Some of the best traders I've known, like the best fighters in the Bruce Lee quote, employ a variety of skills to adapt to markets.  Sometimes they are short-term, opportunistic, and tactical; other times they are longer-term, thematic, and strategic.  They first seek to understand the market environment and opportunity set, then deploy the skills and strategies best suited for that environment.  This adaptability requires an ability to not become identified with any particular asset class or strategy.  Once we identify with any particular approach to markets, we fall into the trap of needing markets to fit our framework rather than the reverse.

In other fields of business, flexibility is essential to success.  A marketing professional knows that different strategies must be employed to reach Millenials vs.

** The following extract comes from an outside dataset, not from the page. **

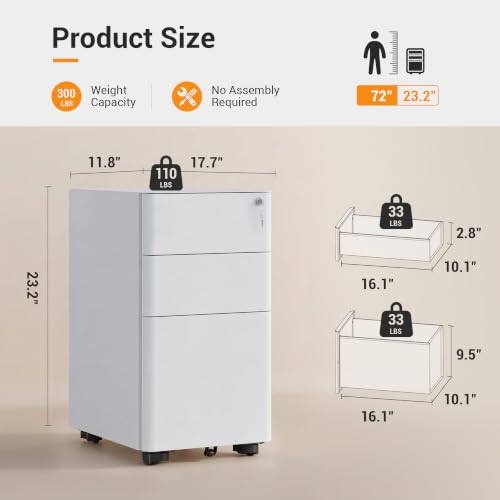 DEVAISE White 3-Drawer File Cabinet on Wheels, Fully Assembled, 11.8"W x 17.7"D x 23.2"H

Baby Boomers.  Some demographic groups will care about brand name and image; others will emphasize value and price.  The successful marketer constructs multifaceted campaigns to reach segmented groups of consumers.  If the marketer were to become identified with a single strategy and expect all people to respond to that, the results would be mixed at best.   

My recent research has focused on the presence of aperiodic cycles in the stock market.  These are cycles that occur, not in chronological time, but in event time.  Imagine market cycles that can occur over periods from minutes to hours to days to months, depending on the unfolding of critical events.  A successful trader of such cycles would be neither a daytrader, nor an investor.  As Bruce Lee's insight suggests, that successful trader would be all of them--and none of them.  It is not a small challenge when the market's flexibility exceeds our own!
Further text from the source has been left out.